Dev şatosu, eski manastırı ve tarihi coğrafyasıyla masalsı kentleri andıran Segovia, İspanya’nın Kastilya Leon bölgesinde bulunan bir antik kent. 1985 yılında UNESCO tarafından Dünya Mirası Listesi’ne alınan Segovia’nın en önemli tarihi yapısı hiç şüphesiz ki ünlü Roma Su Kemerleri. Guaddarrama Dağları’ndan başlayan su kemerlerinin uzunluğu 15 km civarlarında, toplam 166 kemerden ve 24000 taş bloktan oluşuyor. Kilit taşı denklemi denilen yöntemle inşa edilen bu kemer, günümüze taşların arasından herhangi bir kimyasal bağlayıcı bir malzeme kullanılmadan 740 metrelik uzunlukta kaldığı söyleniyor. Segovia’nın bir diğer önemli yapılarından biri ise Alcazar Kalesi. Eresma ve Clamores nehirlerinin birleştiği yerde bulunan kalenin tarihinin yaklaşık 12.yy’a kadar dayandığı söyleniyor. VIII. Alfonso tarafından konut olarak kullanılan kalenin 1764 yılında, II. Charles tarafından Topçu Kraliyet Kolejine çevrildiği, daha sonra  bir dönem hapishane olarak kullanıldığı, en sonunda da içinde şövalye giysilerinden tutun da silah yedek parçalarına kadar her şeyin olduğu bir silah müzesine çevrildiği biliniyor. Bu kalenin içinde kentin saray ve yollarına çıkan gizli geçitlerin de olduğu efsanesi kulaktan kulağa dolaşıyor.

Rothenburg, Almanya


Tauber Nehri’nin yukarısındaki kırmızı kale anlamına gelen Rothenburg’a gelindiğinde ilk dikkat çeken şey, geniş yeşil arazilerdeki küçük sevimli evler. Arnavut kaldırımlı dar sokaklarıyla ziyaretçileri hala Orta Çağ’daymış gibi hissettiren Rothenburg, aynı zamanda 2. Dünya Savaşı’na yakından tanıklık etmiş bir kent. Masalsı şehirlerden olan Rothenburg’da akşamları yapılan ilginç bir yürüyüş aktivitesi var. Siyah pelerinli elinde fener olan gece bekçisi saat 20.00’da Belediye Binası’nın önünde ziyaretçilerle buluşuyor ve tarihi binalar, kiliseler ve sokaklar hakkında ziyaretçilere bilgi vererek bir çeşit rehberlik yapıyor.
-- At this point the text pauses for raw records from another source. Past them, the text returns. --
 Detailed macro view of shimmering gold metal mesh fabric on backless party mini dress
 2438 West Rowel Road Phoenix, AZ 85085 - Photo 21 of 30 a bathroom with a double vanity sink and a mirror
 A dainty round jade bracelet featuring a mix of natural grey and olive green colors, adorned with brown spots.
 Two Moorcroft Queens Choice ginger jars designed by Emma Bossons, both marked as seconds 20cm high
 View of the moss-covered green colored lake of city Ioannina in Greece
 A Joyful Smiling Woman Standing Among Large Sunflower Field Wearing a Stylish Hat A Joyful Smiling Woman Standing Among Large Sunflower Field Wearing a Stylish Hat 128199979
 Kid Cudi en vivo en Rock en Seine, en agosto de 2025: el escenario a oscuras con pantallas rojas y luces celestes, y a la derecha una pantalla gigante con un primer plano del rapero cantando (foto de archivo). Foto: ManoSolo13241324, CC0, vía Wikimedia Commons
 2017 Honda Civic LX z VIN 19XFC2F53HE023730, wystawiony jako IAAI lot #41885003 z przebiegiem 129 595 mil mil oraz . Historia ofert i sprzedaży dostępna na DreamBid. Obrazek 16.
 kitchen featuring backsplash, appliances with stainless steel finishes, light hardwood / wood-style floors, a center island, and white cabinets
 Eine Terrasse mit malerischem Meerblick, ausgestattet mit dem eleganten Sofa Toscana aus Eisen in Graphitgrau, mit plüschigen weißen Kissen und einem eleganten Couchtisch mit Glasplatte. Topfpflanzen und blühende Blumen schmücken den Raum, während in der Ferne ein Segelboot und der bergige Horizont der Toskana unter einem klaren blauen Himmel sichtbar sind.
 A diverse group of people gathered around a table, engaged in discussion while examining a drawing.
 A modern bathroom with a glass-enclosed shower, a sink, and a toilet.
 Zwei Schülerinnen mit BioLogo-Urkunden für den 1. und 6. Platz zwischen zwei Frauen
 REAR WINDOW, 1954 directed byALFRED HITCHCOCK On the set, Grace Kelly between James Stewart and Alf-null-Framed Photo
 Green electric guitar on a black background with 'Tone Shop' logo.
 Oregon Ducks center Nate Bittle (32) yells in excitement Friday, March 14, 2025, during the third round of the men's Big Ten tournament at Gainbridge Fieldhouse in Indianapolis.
Oldukça eğlenceli gözüken bu aktiviteye yolunuz Rothenburg’a düşerse mutlaka katılmalısınız. Bunların yanı sıra artık Rothenburg’la özdeşlemiş bir meydan olan Markt Meydanı’nda Puppen und Spielzeugmuseum adındaki kukla ve oyuncak müzesini ziyaret edebilir,  Deutsches Weihnachtmuseum yani Christmas Müzesinde yılbaşı ruhunu içinizde hissedebilirsiniz.

Hallstatt, Avusturya


Avusturya Salzkammergut Göller Bölgesi’nde Salzburg ve Graz şehirleri arasında bulunan Hallstatt, masalları aratmayan manzarasıyla Avrupa’nın en eski yerleşim yerlerinden. Yaklaşık 7000 yıla varan geçmişi ve UNESCO tarafından 1997 yılında Dünya Kültür Mirası listesine alınmasıya Hallstatt mutlaka ziyaret etmeniz gereken yerlerden. Sessiz sakin, doğayla iç içe bir yer olan Hallstatt, sizi manzarasıyla sanki bir kartpostala bakıyormuş gibi hissettirecek. Bu benzersiz manzaraya sahip olan köyün bir diğer özelliği ise dünyanın bilinen en popüler tuz kaynaklarından olması. Ekonomik gelirinin büyük bir bölümünü turizmden elde eden Halstatt’ın ilginç bir de özelliği var. Bu özellik, mezarlık alanının çok küçük olmasından dolayı her 10 yılda bir mezarlardan kemiklerin çıkarılması ve yeni cenazeler için yer açılması. Bu çıkarılan kafatasları, sahiplerinin isimleri,meslekleri ve ölüm tarihlerinin işlenmesiyle birlikte yerel kiliselerde sergileniyor. Aynı zamanda “Kemik Evi” anlamına gelen Beinhaus da Hallstatt’a geldiğinizde ziyaret edebileceğiniz yerlerden. Çıkarılan kemikler güneşte beyazlatılıp  Beinhaus’ta dekoratif şekillerde sergileniyor. 70’li yıllarda Katolik kilisesinin ölülerin yakılmasını onaylamasından sonra bu uygulama durdurulsa da Beinhaus hala ziyaret edilebiliyor.

Monemvasia, Yunanistan


Mora Yarımadası’nın güneyinde, Atina’ya yaklaşık 320 km olan Monemvasia, uzaktan denizin içindeki dev bir kaya parçası gibi gözükse de, yaklaşınca kasabanın ince bir yolla bu dev kaya parçasına bağlandığını görebiliyorsunuz. Milattan sonra 6. yy’da kurulduğu söylenen Monemvasia, 1249’da Katoliklerin eline geçince önemli bir ticaret merkezi haline geliyor. Bu şirin kasaba bir süre Venediklilerin hakimiyeti altına girse de daha sonra Osmanlı hakimiyetine girip uzunca bir süre de Osmanlı hakimiyetinde kalıyor. Monemvasia, 1668’de Evliya Çelebi tarafından da ziyaret edilip hakkında methiyeler dizilmesi şansını elde etmiş bir yer. Bu tarihi çok eskilere dayanan kasabada, evlerin neredeyse hepsinin bakımlı ve temiz kalması, bir bölümünün otel olarak işletilmesi de takdire şayan. Bunlara ek olarak, Monemvasia’dan 5 - 20 kilometre uzaklaştığınızda sizi birbirinden güzel otantik balıkçı köyleri karşılıyor. Gayet ucuz ve lezzetli olan balık ve karides, kalamar, ahtapot gibi deniz ürünleri ziyaretçileri tarafından mutlaka tadılmayı bekliyor.